Ainsi, en plus de disposer d’une large autonomie de vol (plus de 1000 km), le Samad a réussi à déjouer la couverture radar et les huit sites de défense anti-aérienne protégeant l’émirat.
“Si le Polisario arrive à acquérir et maîtriser l’utilisation de drones à long rayon d’action, il essaiera d’attaquer des cibles à forte valeur symbolique”
“Si les milices du Polisario ont en leur possession de tels drones, elles pourraient cibler directement des villes du sud du royaume. Viser le mur de défense ou des unités des FAR à proximité n’aurait pas autant d’effet que de cibler des villes et leurs populations”, avance l’expert.
Et de souligner : “Si le Polisario arrive à acquérir et maîtriser l’utilisation de drones à long rayon d’action, il essaiera d’attaquer des cibles à forte valeur symbolique afin que le retentissement médiatique serve sa propagande.
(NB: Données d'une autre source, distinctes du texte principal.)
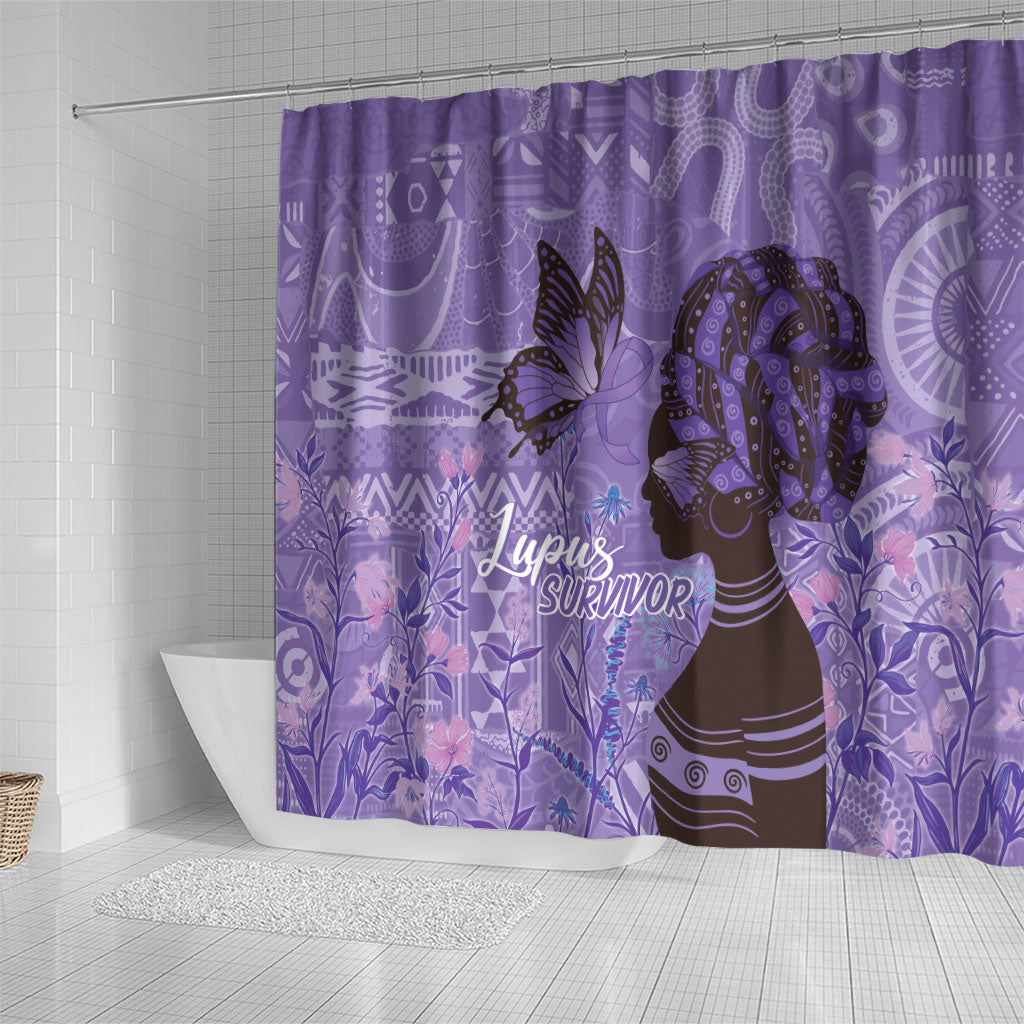 Lupus Awareness Afro Girl - Proud Survivor Shower Curtain Ankara Pattern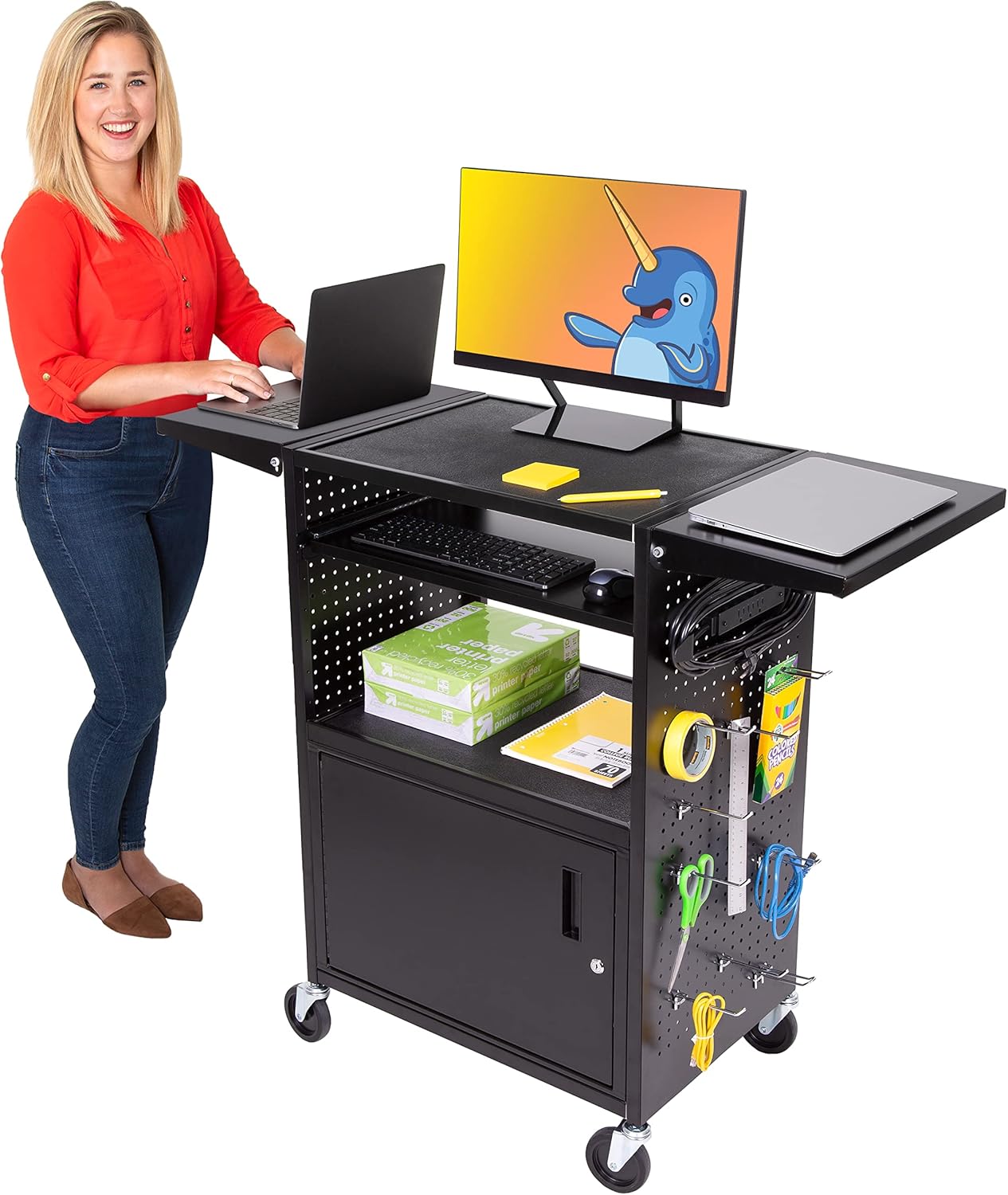 Line Leader Stellar AV Cart | Computer Cart with Pegboard Siding & 12 Hooks for Customizable Storage | Locking Cabinet & Pullout Keyboard Tray | UL Safety Certified Power Outlets | Locking Wheels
Mais viser des cibles militaires permet aussi de neutraliser des capacités militaires adverses.”
Quelles contre-mesures mettre en place ?
Si l’utilisation de drones par les séparatistes relève encore de l’hypothèse, il est en revanche certain que les stratèges et tacticiens des FAR ont déjà étudié la question et prévu des contre-mesures à déployer en cas de besoin.
Le Maroc dispose de systèmes de défense anti-aériens capables de contrer différents types de menaces (avions, missiles, drones), à l’image du système israélien Barak MX, et devrait bientôt acquérir le système américain Patriot, sans oublier les rumeurs qui évoquent l’acquisition du Skylock Dome israélien.
Du matériel qui est certes capable de contrecarrer des attaques de drones de grande envergure, mais dont le déploiement sur l’ensemble du territoire marocain serait coûteux.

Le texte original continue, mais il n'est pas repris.